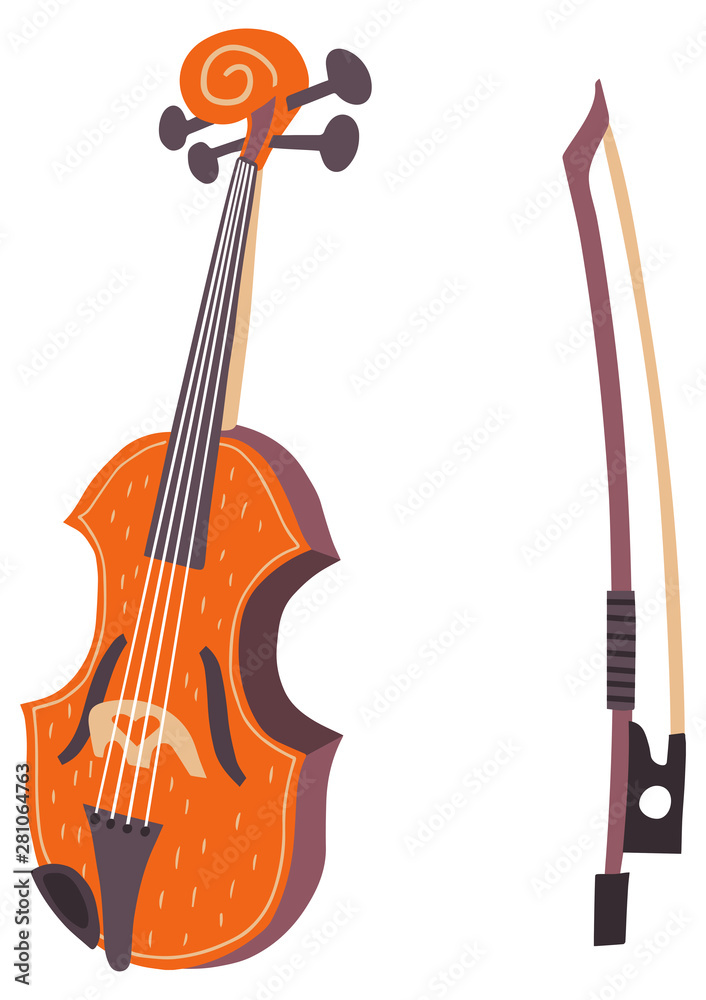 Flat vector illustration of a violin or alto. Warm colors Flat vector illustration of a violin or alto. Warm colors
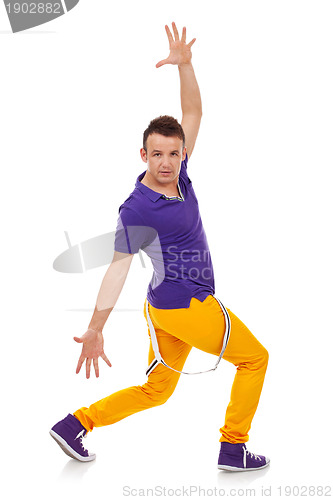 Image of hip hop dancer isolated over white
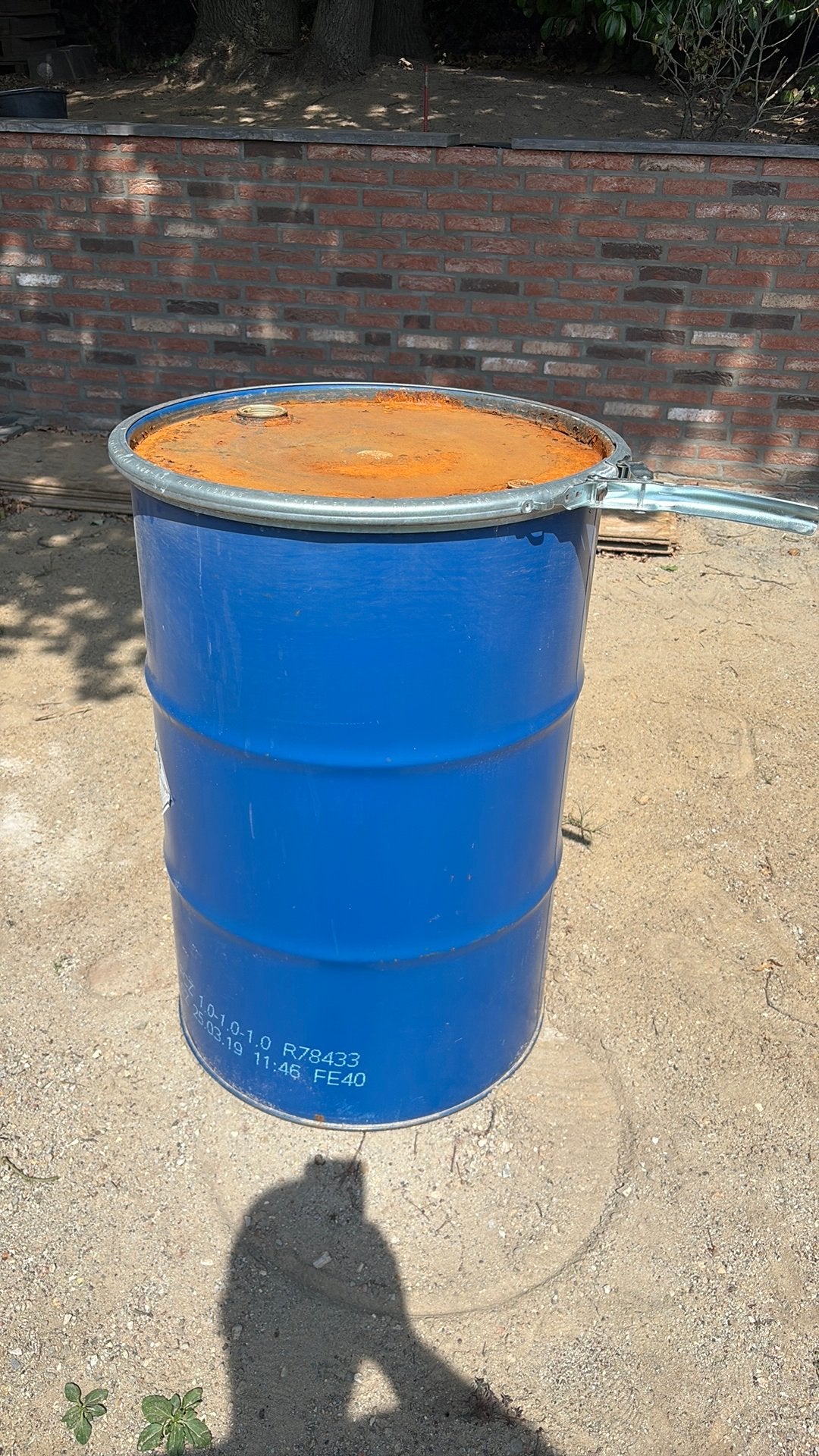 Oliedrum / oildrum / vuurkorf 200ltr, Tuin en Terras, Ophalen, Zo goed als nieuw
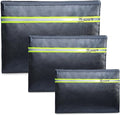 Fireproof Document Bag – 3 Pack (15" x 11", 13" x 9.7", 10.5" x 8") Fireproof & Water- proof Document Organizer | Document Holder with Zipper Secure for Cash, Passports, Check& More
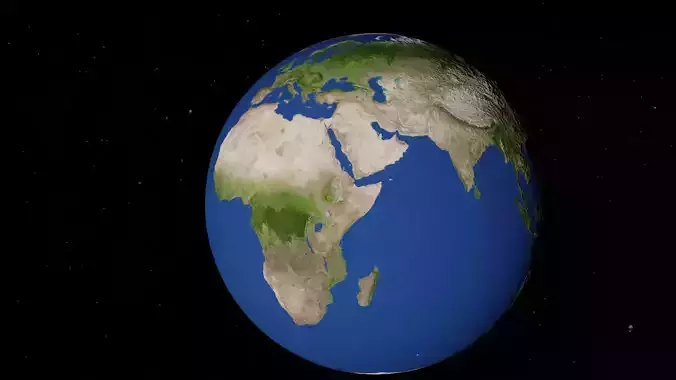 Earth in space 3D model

* * *

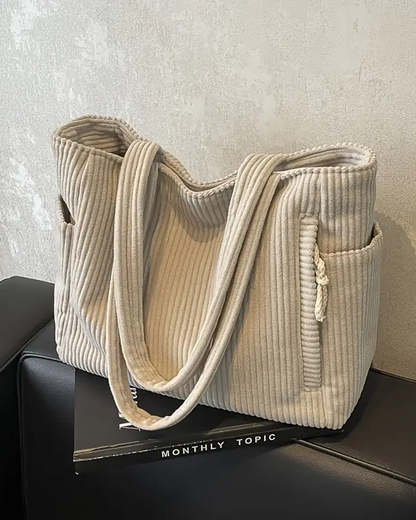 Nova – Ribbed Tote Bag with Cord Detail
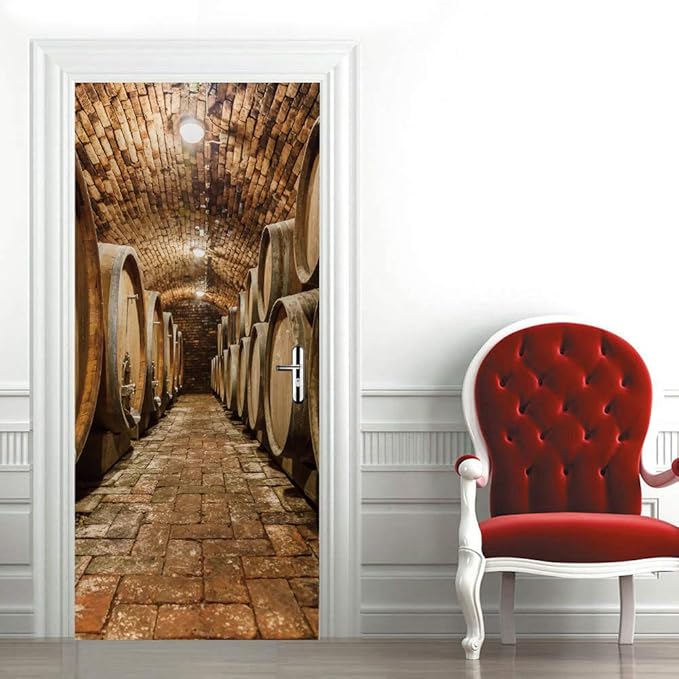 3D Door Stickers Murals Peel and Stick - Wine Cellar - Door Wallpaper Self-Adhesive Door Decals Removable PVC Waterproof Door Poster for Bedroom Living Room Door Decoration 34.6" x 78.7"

==

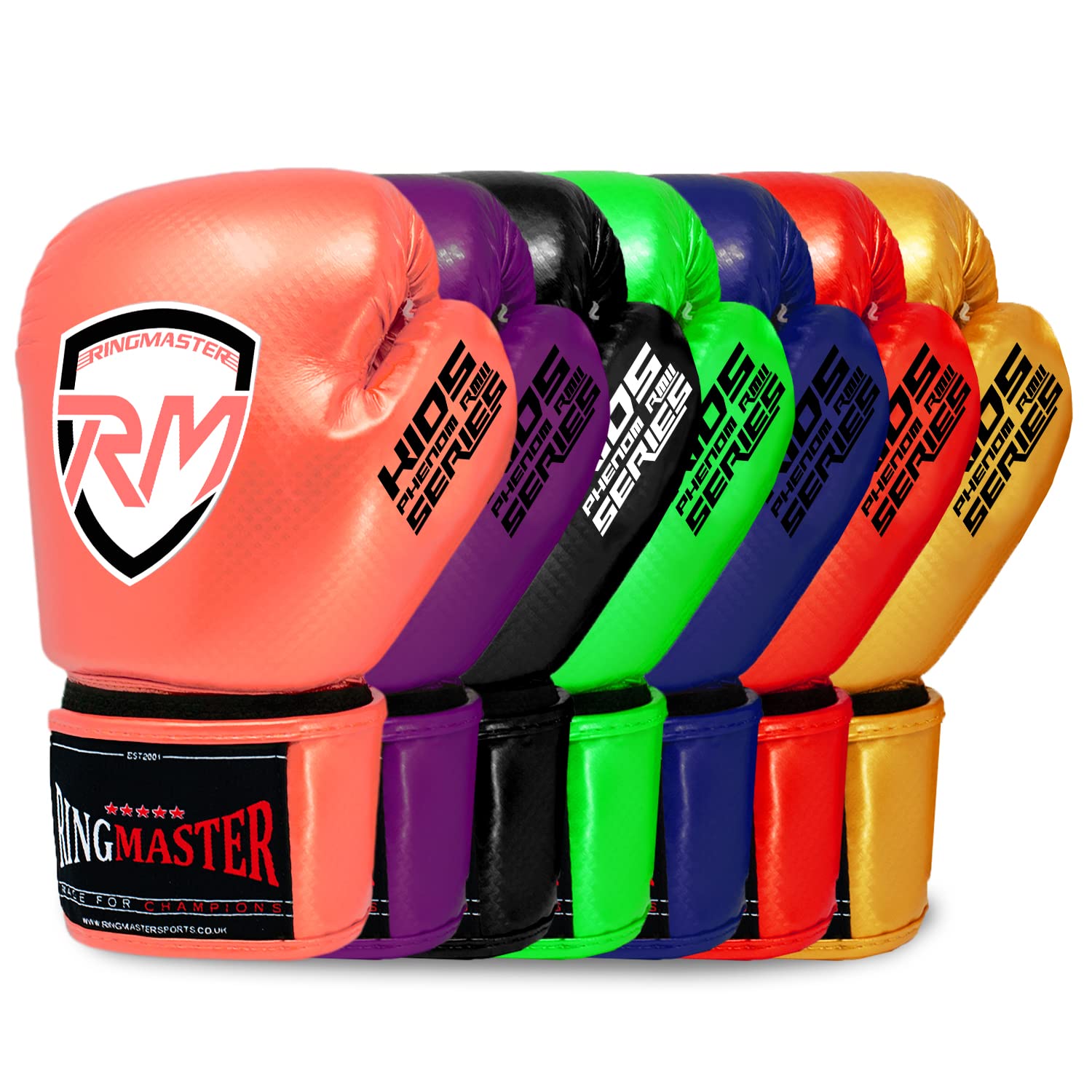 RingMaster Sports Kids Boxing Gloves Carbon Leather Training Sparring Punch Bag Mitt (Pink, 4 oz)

WHAT THE TASK ASKS — What you write must match the listing exactly, from the line with "Flat vector illustration of a violin or alto. Warm colors Flat" up to and including the line with "Oliedrum / oildrum". Pictures stay out.

TASK RESULT —
 Flat vector illustration of a violin or alto. Warm colors Flat vector illustration of a violin or alto. Warm colors
 Image of hip hop dancer isolated over white
 Oliedrum / oildrum / vuurkorf 200ltr, Tuin en Terras, Ophalen, Zo goed als nieuw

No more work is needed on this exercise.